Phase 16.37 (alignIntronMax=0 fix) resolved:

  • ERR12389696.5825571: now aligns as XV:80779 121M607028N13M16S (exact match with STAR). Root cause: rustar-aligner computed a finite intron limit of 589824 when alignIntronMax=0, blocking the 607kb intron. STAR uses >0 guard in stitchAlignToTranscript.cpp line 100 — alignIntronMax=0 means no limit. Fix: use u32::MAX sentinel in score.rs.
  • ERR12389696.16030539: MAPQ inflation resolved. Both tools now find two alignments (XV:121224 128M925400N10M12S and XV:598336 128M448288N10M12S), both MAPQ=3. Primary selection differs (tie). MAPQ inflate: 1→0.

See ROADMAP.md and docs-old/ for full issue tracking.

PE Status (Updated 2026-04-29 — Phase G2)

Current: PE both-mapped = 8390 (STAR: 8390, exact match!), half-mapped = 0, 99.883% PE exact faithfulness (tie-adjusted) (16284/16306, 475 tie-breaking diffs excluded). MAPQ inflations: 0, deflations: 0. NH diffs: 0. 1 STAR-only mate (.18919121, SA-level diff), 1 rustar-aligner-only mate (.6302610, pre-existing FP).

Phase G2 (2026-04-29): MAX_RECURSION 10,000→100,000 + sa_pos_to_forward overflow fix. ERR12389696.7118031 was the sole source of both NH diffs and MAPQ inflations (NH=3 vs STAR's NH=9, rustar-aligner MAPQ=1 vs STAR MAPQ=0). Root cause: the 47-WA rDNA cluster (4 copies × multiple seeds per mate) exhausted 10k recursions before exploring the 4th within-copy pair. Fix: raise the per-cluster recursion budget from 10k to 100k. Also fixed: sa_pos_to_forward underflow panic for reverse-strand seeds near genome boundary (now saturating_sub). Also added guard in finalize_transcript to reject WTs where adjusted_genome_start + ref_len > n_genome.

Phase G1 (2026-04-29): split_combined_wt junction_idx fix. Reduced .16980960's pairs from 11 to 9, matching STAR's NH=9.

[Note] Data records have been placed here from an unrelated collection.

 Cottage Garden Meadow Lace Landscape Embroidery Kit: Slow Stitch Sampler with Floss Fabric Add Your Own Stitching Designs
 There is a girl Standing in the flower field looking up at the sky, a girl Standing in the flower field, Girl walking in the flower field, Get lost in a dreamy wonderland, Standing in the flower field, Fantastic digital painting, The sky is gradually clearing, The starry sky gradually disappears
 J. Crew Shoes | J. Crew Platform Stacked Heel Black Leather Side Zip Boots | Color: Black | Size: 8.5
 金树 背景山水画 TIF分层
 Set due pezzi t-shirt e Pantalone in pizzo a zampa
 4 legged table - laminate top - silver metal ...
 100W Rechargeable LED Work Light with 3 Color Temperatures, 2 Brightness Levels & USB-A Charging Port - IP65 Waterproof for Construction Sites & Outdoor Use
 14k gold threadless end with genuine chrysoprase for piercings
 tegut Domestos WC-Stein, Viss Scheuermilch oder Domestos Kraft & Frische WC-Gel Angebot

Note on faithfulness change: Phase F1 (--runRNGseed PR) changed PE tie-breaking from SA-order to seeded StdRng, increasing tie-breaking diffs. Phase G1 improved faithfulness from 99.755% → 99.865%. Phase G2: 99.865% → 99.883%.

Remaining Limitations (Top 2)

  • No STARsolo single-cell features — Phase 14 (deferred)
  • 4 PE AS diffs (rustar-aligner improvements, not bugs): .844151 finds VIII:451791 0mm vs STAR's VII:1001391 6mm; .4972950 finds correct spliced mate2 vs STAR's unspliced. Both cases: STAR's combined-window approach fails to stitch a PE pair at the better location.

See docs-old/phase17_features.md for full feature status.